各個別の国を差配する者と理解すると、この「猨田毘古神」が何処の国か、知りたいところであるが、記述は簡略。これ以上のことは後程にわかると言っているようである。現在この神を祀る神社の多さを考えると各個別の国というより全国区の神のようでもある。いや、古事記の記述が、というより通説の解釈が、全国区にしてしまったのであろう。

天之八衢


「天之八衢」という地名らしき言葉がある。八方に通じる場所であろう。「邇岐志」の近傍で探すと同じく勝本町片山触に東西及び南北方向の道路が交差するところがある(上図中と北方のとの間にある十字路辺り)。おそらくここに邇邇芸命が居たのであろう。武田氏はこの地名スルーである。大和以外は素っ気ない…とりわけ「天」が付くと、当たり前か?…。

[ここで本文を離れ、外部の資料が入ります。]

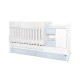 Κρεβάτι minimax νέο 190/72 χρώμα λευκό/baby blue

大勢の御伴と共に勾玉、鏡、草薙の剣を添えて出立である。八岐大蛇から奪った剣、名前と剣は倒した相手から奪うもの、なのであろうか?…やはり現代の感覚では理解は困難かも…。随行者の一人に「常世思金神」の名前が出てくる。彼は「常世国」の住人だった。既にこの国は壱岐にあるとしたが、間違いないと思われる。

常世国


では、「常世国」<追記>は何処であろうか?…壱岐の中で「常世」と思しき場所…彼らが「比比羅木」の国からやって来て居ついたところであろう。現在の勝本町仲触、天ヶ原遺跡やセジョウ神遺跡の場所である。「セジョウ」の漢字表現は見当たらず、仮に「世上」とすれば「常(ツネ)の世」と同義である。


「天」の地名を具体的にできることにより彼らの行動…古事記に記述された…をより明確に把握できると思われる。「橘の君」を求めて常世国に向かった多遲摩毛理、不老不死の果実ではなく、明らかにこの常世国に有能で若い人材が海を渡って来ていたからである。

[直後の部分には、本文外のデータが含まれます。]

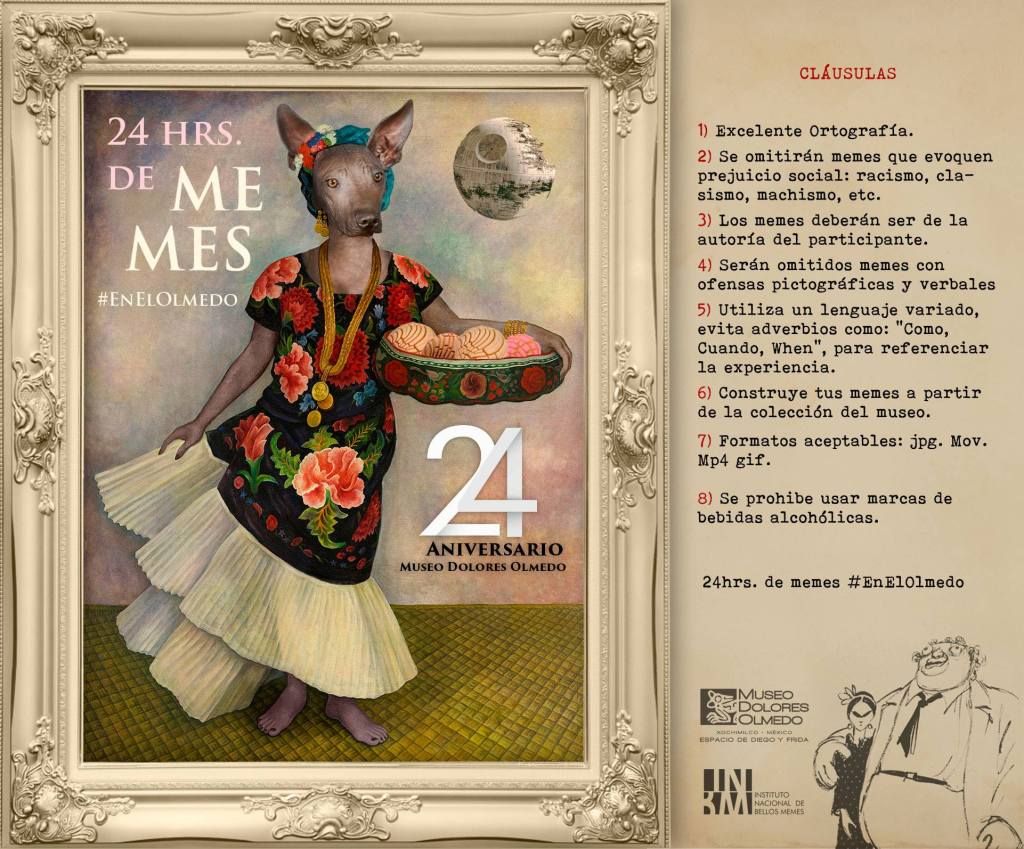 Diviértete festejando el 24 aniversario del Museo Dolores Olmedo.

「君」には有能な「奴婢」も含まれていた、かもしれない。そう言えば「少名毘古那神」も居た。大国主神の国造りを助けて…稲作には案山子が不可欠と教えた…さっさと帰ったが…。

伊須受能宮・外宮之度相神


プロローグの最後を飾るのが下記…

此二柱神者、拜祭佐久久斯侶、伊須受能宮。次登由宇氣神、此者坐外宮之度相神者也。次天石戸別神、亦名謂櫛石窻神、亦名謂豐石窻神、此神者、御門之神也。次手力男神者、坐佐那那縣也。故、其天兒屋命者、中臣連等之祖。布刀玉命者、忌部首等之祖。天宇受賣命者、猨女君等之祖。伊斯許理度賣命者、作鏡連等之祖。玉祖命者、玉祖連等之祖。[この二神は伊勢神宮にお祭り申し上げております。なお伊勢神宮の外宮にはトヨウケの神を祭ってあります。次にアメノイハトワケの神はまたの名はクシイハマドの神、またトヨイハマドの神といい、この神は御門の神です。タヂカラヲの神はサナの地においでになります。このアメノコヤネの命は中臣の連等の祖先、フトダマの命は忌部の首等の祖先、ウズメの命は猿女の君等の祖先、イシコリドメの命は鏡作の連等の祖先、タマノオヤの命は玉祖の連等の祖先であります]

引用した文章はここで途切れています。